Google stopped submitting patents to the USPTO: why?

UPDATE: As pointed out by Bill Slawski, most recently submitted patent applications don't show up within that time period in USTPO searches or Google's patent search because they are initially filed confidentially, under 35 U.S.C. 122 Confidential status of applications; publication of patent applications. So, I was gracefully wrong!

Software patent wars have always existed: companies fought them (or paid up), sometimes quietly, sometimes making a big fuss. However, something has changed over the last year or so: people started getting directly affected by software patents (ask anybody wanting a Samsung Galaxy Tab in Australia for Christmas 2011...).

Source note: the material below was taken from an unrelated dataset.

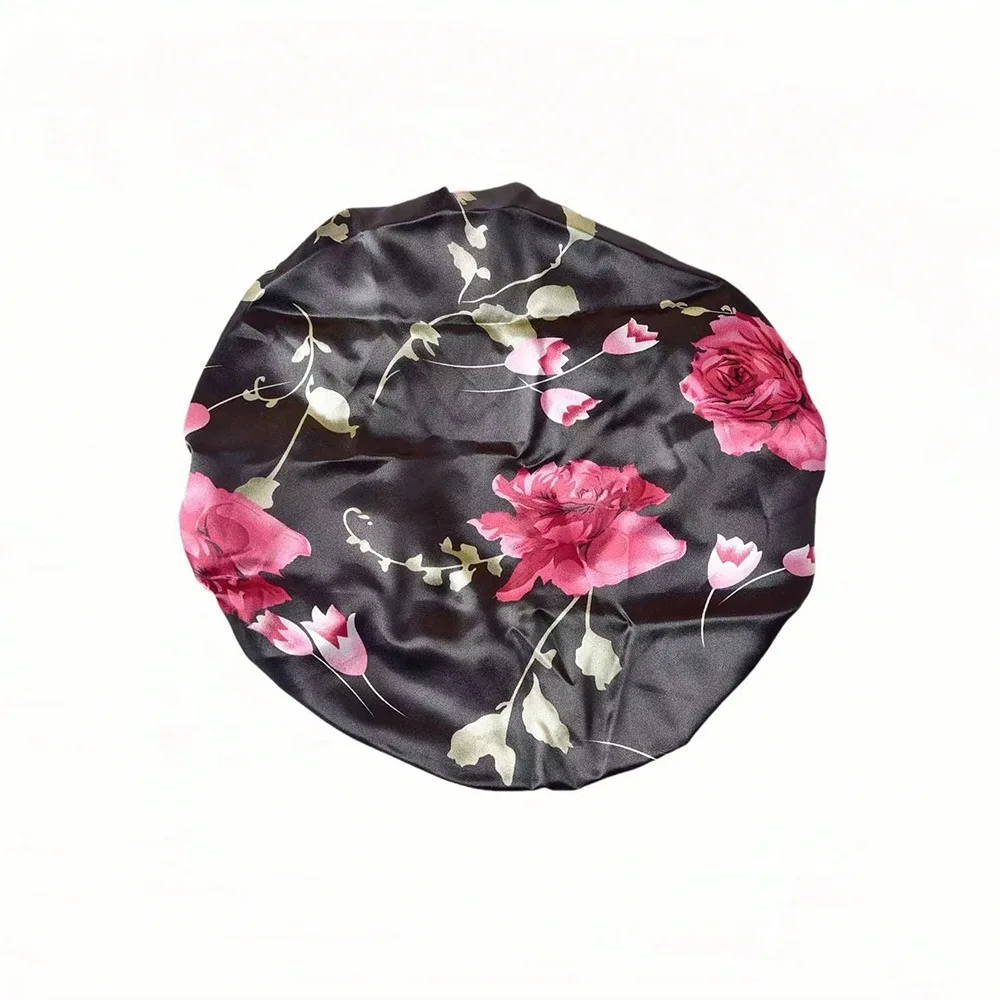 Fashion Silk Women's Bonnet Elastic Band Cap Satin Hat Hair Bonnet Hair Care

Lately, two things came to my attention: Google acquired 200 patents from IBM. But, more interestingly: Google hasn't filed any patents over the last several months.

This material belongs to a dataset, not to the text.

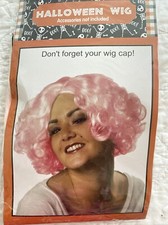 Adult Short Curly Light Pink Wigs Synthetic Natural Wavy Costume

This can be confirmed by looking at Google's own patent search.

Why not? This is certainly a very fair question. A slowdown could have been something understandable -- a complete halt, however, is definitely more interesting.

Hypothesis #1: Making new, half-meaningful software patents is hard and expensive

Really, how many "processes" can you really patent? Getting a patent through is a long, drawn process which requires tons of paperwork and money. Maybe they just got stuck -- it happens to people, and it can happen to companies too. Maybe it just so happened that they reached a point where they just couldn't make up new ways of implementing auto-completion, or suggesting translations to words.

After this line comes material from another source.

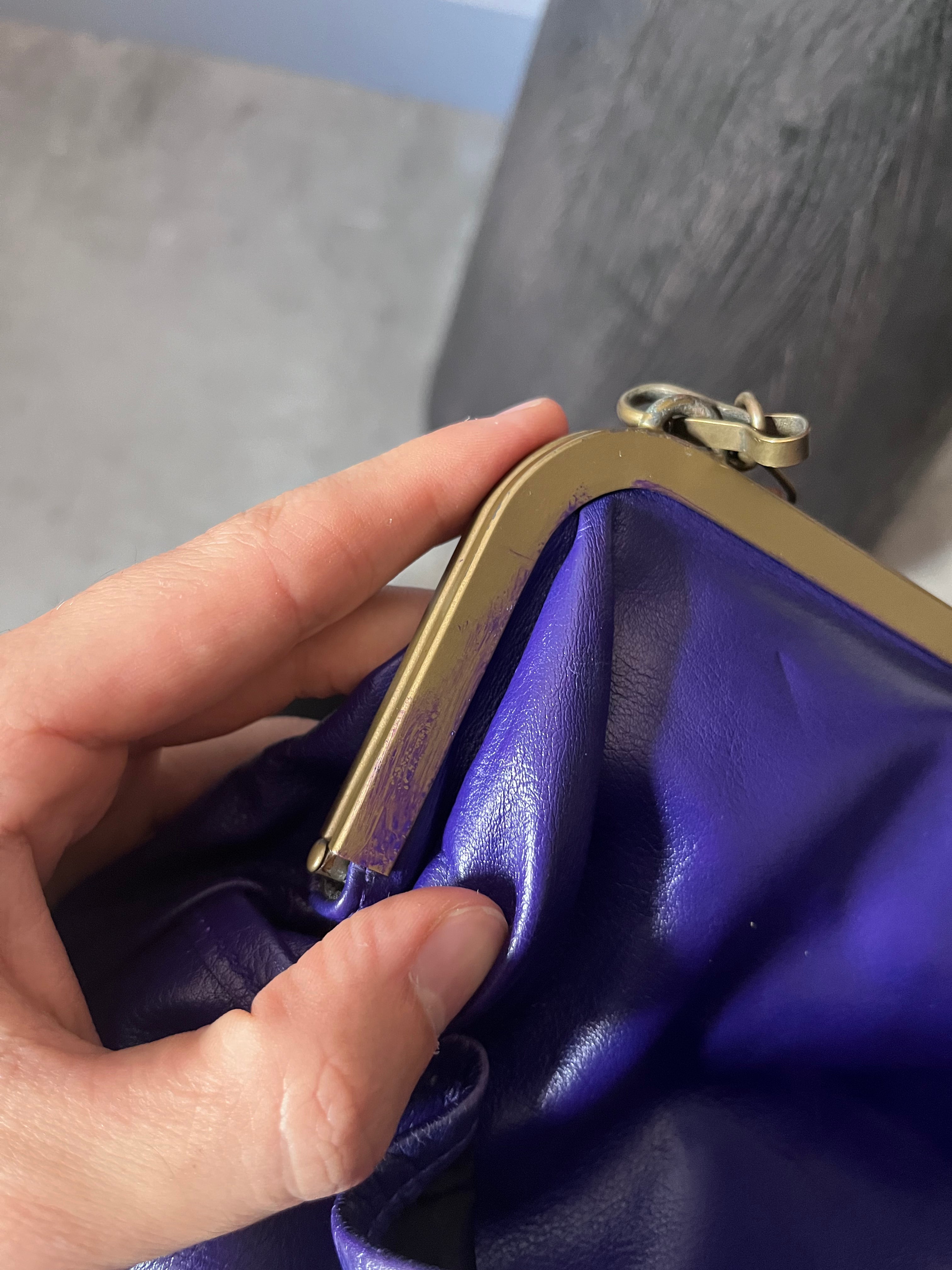 90s Miu Miu Strap Leather Shoulder Bag Purple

Reading through Google's own filed patents, you end up reading a lot of obviousness, a few really obscure things, and not much more. This is something that software patents simply cannot help: with software, what you are really "inventing" is processes, and you cannot really go very far.

The (non-existent) list of patents filed by Google over the last 7 months

So, maybe -- and I say maybe -- Google is going a different direction: maybe it's acquiring existing, half-meaningful patents from existing vendors, and the transfer of patents from IBM is only the beginning.

Hypothesis #2: Something bigger and better is coming up

This second hypothesis is the one I like the best: with Microsoft actually making money from Androoid (!), maybe Google is preparing a new strategy in terms of patents -- a strategy where filing patents is not the priority.

This is supported by the fact that acquiring existing, granted patents gives Google an immediate weapon to defend themselves from Microsoft -- and anybody going after Android for that matter.

Maybe Google is preparing a patent alliance that will effectively defend them -- and Android -- from the competition's attacks.

So, why has Google not filed a single patent application to the USPTO for 7 months now? We shall see.